# Gotta brag a litte... Now it is official



## JohnnyBandit (Sep 19, 2008)

AKC just updated...

GCH CH Call Me Work N Some Magic - DN18471704
Printer Friendly Page 

Conformation - Awards Processed Through 17-MAY-2011


GCH 
Number of Points 28 
Number Major Wins 5 
Number Major Judges 5 
Total Number Judges 13 
Events w/CH Defeated 3 

--------------------------------------------------------------------------------

--------------------------------------------------------------------------------

Everyone do the Merlin Dance!!!


----------



## Elana55 (Jan 7, 2008)

:clap2:

GO MERLIN!!!!! :whoo:

Questa and I are going to a WDA show tomorrow to talk to a handler.. and talk with the breeder.. about costs.... No smilie here for terrified....


----------



## Inga (Jun 16, 2007)

Congratulations! Go Merlin, Go Merlin, Go Merlin. <<< CHANT

He is just a gorgeous dog, regardless of any letters in front of his name. 



Good Luck Elana.


----------



## wvasko (Dec 15, 2007)

As usual I'm a couple days too late but a big YAHOOO for the Merlin rascal.


----------



## JohnnyBandit (Sep 19, 2008)

Thanks All!!!

His finishing photo came Friday.


----------



## Elana55 (Jan 7, 2008)

Very nice. Love his look.. strong throughout, especially his shoulder. 

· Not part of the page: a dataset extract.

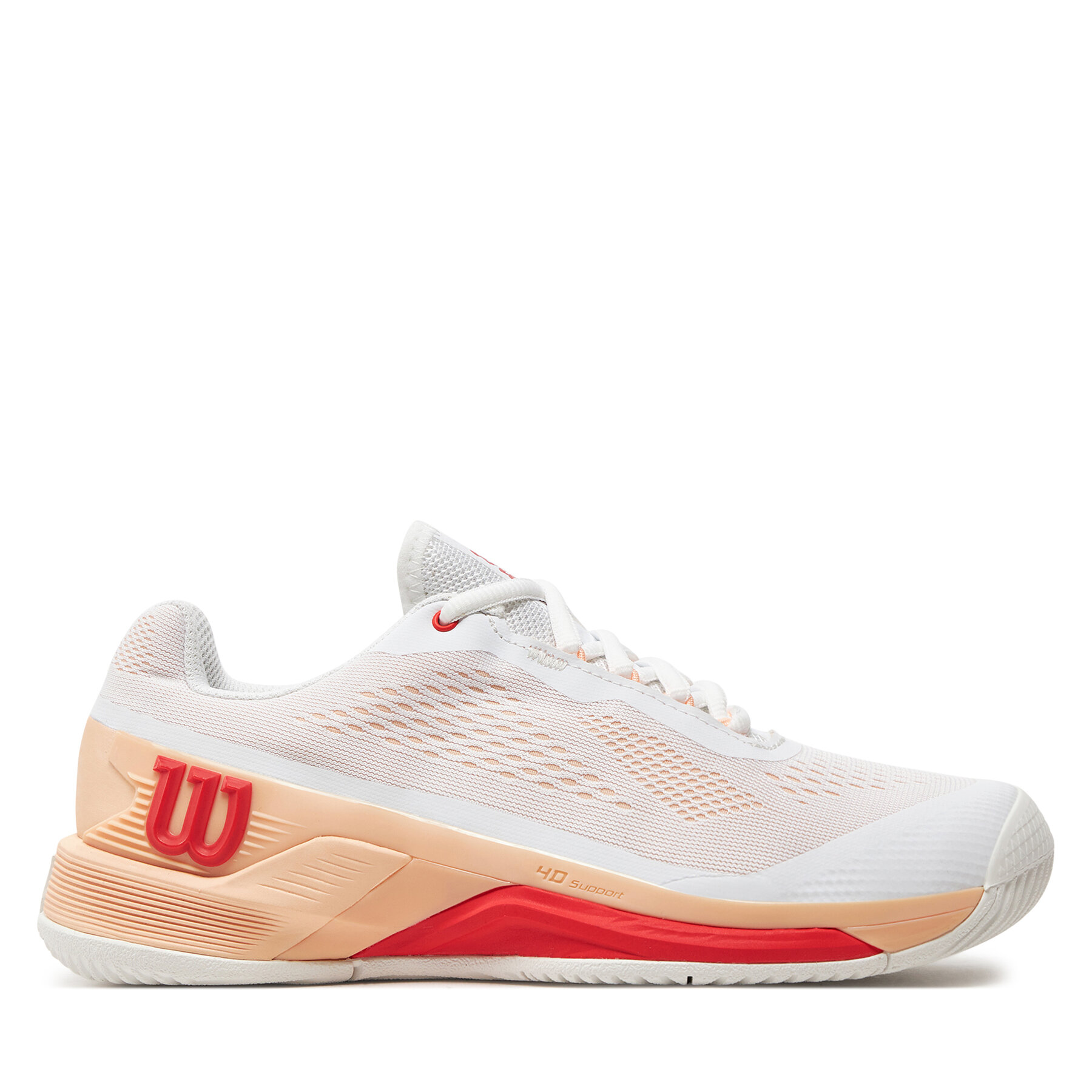 Schuhe Wilson Rush Pro 4.0 WRS332670 White/Peach Par/Infared von Wilson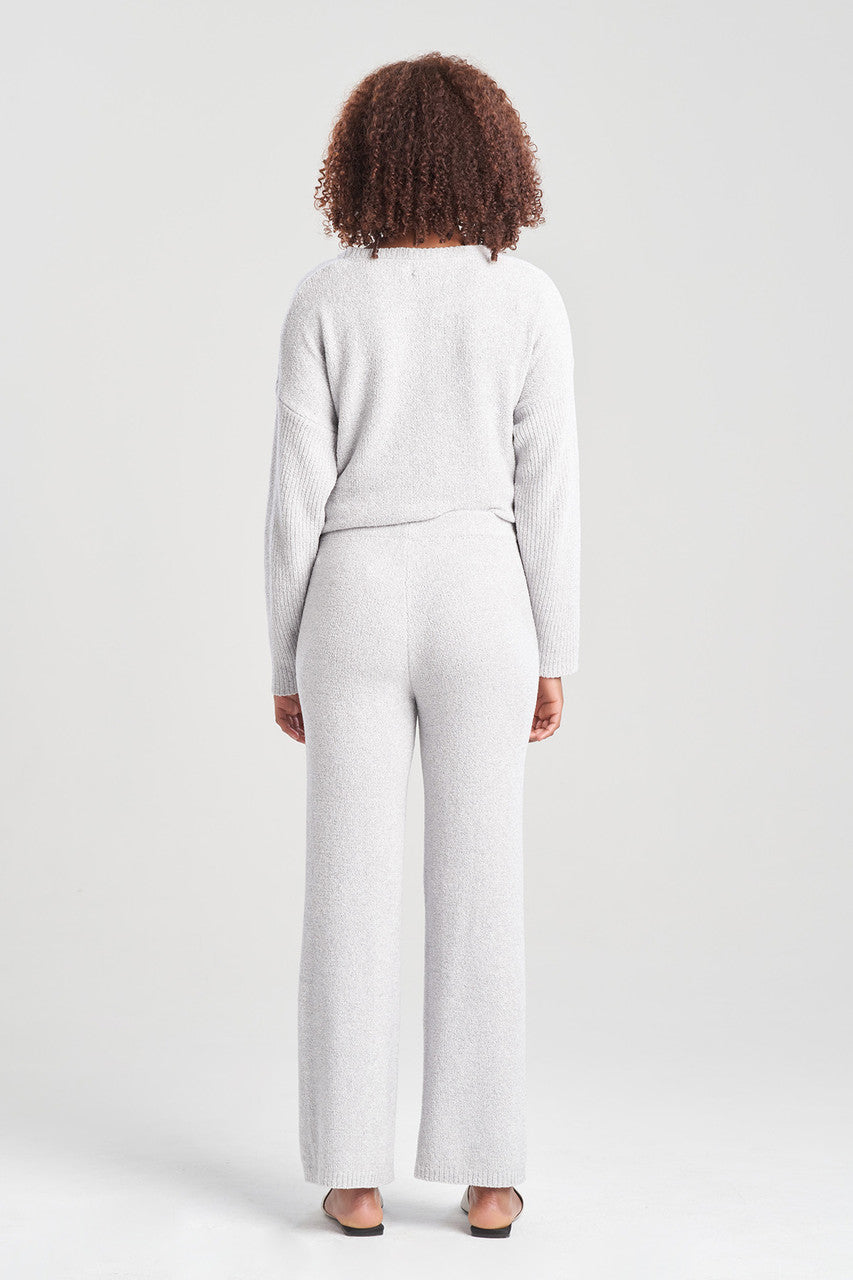 Buy Aura Heather Chenille Straight Leg Pants in Dove Grey Online Dove Grey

Never know he is the same dog that kicked Coyote @$$ a couple of weeks ago!


----------



## kacaju (Jan 2, 2008)

Congratulations!! We are almost there ourselves. 7 more grand champion points to go!!


----------



## Tami (Aug 31, 2006)

JohnnyBandit said:


> AKC just updated...
> 
> GCH CH Call Me Work N Some Magic - DN18471704
> Printer Friendly Page
> ...


Congrats! Are you going to keep showing him? I still show my boy since our breed club has a century club for 100 BOB wins that I'd like to get for him. It's kindo fun tracking his GCH points on AKC and seeing where he ranks for the state/country for his breed


----------